ステンドグラス制作者の「ぎやまん草子(その22)」 「倹約紀行(三)」

平成十九年春に行ったヨーロッパの紀行文は、今回が最終回です。

旅の後半は、学生時代からの友人フランソワ・ゲリー(当時留学生)の世話になりました。彼は私が渡仏する度に仕事が変っており、この時は自分が考案した教育用カードゲームを、小学校に売り込んでいました。自由人の彼は、私が渡仏する度に臨時休業とし、車で方々連れて行ってくれます。今回は彼の恋人で仏領マルチニーク島出身のマドモァゼル・カリーヌも一緒で、私の妻も含め4人旅となりました。ちなみに彼の恋人も、毎回違います。

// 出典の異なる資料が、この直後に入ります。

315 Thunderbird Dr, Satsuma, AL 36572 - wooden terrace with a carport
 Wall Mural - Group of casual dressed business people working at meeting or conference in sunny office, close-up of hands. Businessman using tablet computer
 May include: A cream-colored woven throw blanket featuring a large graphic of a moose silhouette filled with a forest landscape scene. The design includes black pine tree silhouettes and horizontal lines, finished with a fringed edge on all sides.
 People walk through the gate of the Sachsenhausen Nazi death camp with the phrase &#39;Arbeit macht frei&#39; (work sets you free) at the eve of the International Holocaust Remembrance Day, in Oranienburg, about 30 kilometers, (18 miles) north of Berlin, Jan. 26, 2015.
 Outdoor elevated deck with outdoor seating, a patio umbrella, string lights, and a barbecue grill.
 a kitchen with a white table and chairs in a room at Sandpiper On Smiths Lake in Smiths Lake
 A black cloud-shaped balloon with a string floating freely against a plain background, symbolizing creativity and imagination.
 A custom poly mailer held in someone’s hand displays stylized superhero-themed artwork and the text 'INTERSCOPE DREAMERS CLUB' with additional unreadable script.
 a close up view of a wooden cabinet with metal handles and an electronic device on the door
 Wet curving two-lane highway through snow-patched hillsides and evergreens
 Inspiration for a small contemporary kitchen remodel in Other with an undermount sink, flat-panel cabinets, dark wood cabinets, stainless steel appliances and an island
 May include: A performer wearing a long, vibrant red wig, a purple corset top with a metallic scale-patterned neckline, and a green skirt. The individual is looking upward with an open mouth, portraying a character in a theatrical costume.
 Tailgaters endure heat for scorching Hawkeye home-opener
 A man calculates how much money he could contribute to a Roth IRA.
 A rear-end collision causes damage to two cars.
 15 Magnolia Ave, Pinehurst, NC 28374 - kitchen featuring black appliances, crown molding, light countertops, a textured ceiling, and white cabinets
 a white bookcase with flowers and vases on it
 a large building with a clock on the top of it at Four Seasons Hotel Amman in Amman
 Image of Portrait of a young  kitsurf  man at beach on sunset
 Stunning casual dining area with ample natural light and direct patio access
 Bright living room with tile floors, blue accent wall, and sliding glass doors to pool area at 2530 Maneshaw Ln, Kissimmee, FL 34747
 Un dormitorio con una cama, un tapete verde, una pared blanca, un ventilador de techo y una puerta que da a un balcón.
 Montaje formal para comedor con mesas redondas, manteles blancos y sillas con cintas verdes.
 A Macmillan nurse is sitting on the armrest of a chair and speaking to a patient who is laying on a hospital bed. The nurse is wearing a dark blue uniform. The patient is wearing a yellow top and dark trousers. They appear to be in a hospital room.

パリ郊外の彼の自宅近くで落ち合い、夕方から高速道路を飛ばし、隣の国ベルギーの首都ブリュッセルへ。深夜にユースホステルに着き、男女別の大部屋に分かれて泊まりました。翌日から、ブリュッセル観光。グランプラスという中世ギルドのゴシック建築に囲まれた広場や小便小僧の像、サン・ミッシェル大聖堂を見て廻りました。昼食は名物ムール貝の蒸し焼きと、数種類のベルギービール。夏のような日差しの下、姦しくテラスで酒盛り状態でした。

サン・ミッシェル大聖堂の絵画的なステンド

サン・ミッシェル大聖堂の絵画的なステンド

ブリュッセルのテラスでムール貝

ブリュッセルのテラスでムール貝

その後アウトバーンを飛ばし、ドイツのアーヘンという町に移動しました。パン屋に直行し、本場のドイツパン数種を「ブロート・ビッテ!」と片言のドイツ語で購入。あーでもないこーでもないと大声で議論しながら、パン屋内のカフェコーナーで食べまくりました。家では毎朝手作りのライ麦パンを食べているので、本物を味わうこの機会を楽しみにしていました。ライ麦100パーセントのドイツっ子ですらあまり食べないという素朴なフォルコンブロートは、酸っぱくてぼそぼそしています。しかし、噛むほどに味が出てきて、ドイツ民族の味がしました。

アーヘンのパン屋で

アーヘンのパン屋で

夜は、ケルンの郊外フレッシェンという町をさまよい歩きました。土曜日深夜の田舎町で、開いている店を探すのは至難の業です。通行人に尋ねて、ようやく気持ちの良い店(BAR)にたどり着きました。眠ったように静かな町の中で、この店だけはお祭りのような賑わいです。ドイツの巨漢達は、地ビールをしたたかに飲んでいるようでした。好奇の目に曝されながら我々「外国人」も席に着き、お決まりの名物、ザワークラウト(醗酵キャベツ)とソーセージ、地ビールをやりました。ベルギーといいドイツといい、ビールにコクがあり本当に旨くて、また食べ物がビールに良く合います。血液からアルコールとホップが抜けない数日でした。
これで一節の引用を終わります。